Western Union Business Solutions, a business unit of the Western Union Company (NYSE:WU), a leader in global payment services, today announced results of a survey of Chinese companies which found that by settling transactions with Chinese exporters in U.S. dollars (USD) instead of Chinese yuan (CNY) American businesses paid approximately $2.4 billion in fees to account for foreign exchange risk. 1
The industries most affected by these transaction fees are those that import the highest level of goods and services from China by transaction value. In New York, the personal care industry made the most payments to China in 2011 by value according to Western Union Business Solutions data, followed by the textile and finance industries. The personal care industry in particular saw strong growth in the amount of money they sent to China in 2011, with the value of payments more than doubling compared to 2010. New York textile companies grew payments by 51% while payments in the finance sector dropped 30%. New York arts and antiques dealers, while not yet ranking with the top industries in terms of overall value, increased their payments to China by a robust 179% compared to a 113% increase for the city as a whole.
“The U.S. is the number one export destination for companies based in China,” said Alfred Nader, Vice President of Corporate Strategy & Development, North America, at Western Union Business Solutions. “To date, the vast majority of transactions between companies based in the U.S. and China have been settled in American dollars.

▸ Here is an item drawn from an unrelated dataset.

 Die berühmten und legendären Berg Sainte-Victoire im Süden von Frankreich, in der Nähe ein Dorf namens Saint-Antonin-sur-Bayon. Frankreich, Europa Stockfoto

It is time to take a step back and evaluate to what extent it makes sense for American companies to continue to pay Chinese exporters in something other than their preferred local currency.”
Western Union Business Solutions’ survey of more than 1,000 Chinese companies who are able to settle merchandise exports in CNY (known as mainland designated enterprises, or MDEs) reveals a desire in China to receive payments in their home currency. The results show that more than one third (36%) would prefer to be paid in CNY, with over 20 percent naming exporter convenience and reduced foreign exchange risk as the main drivers for that preference.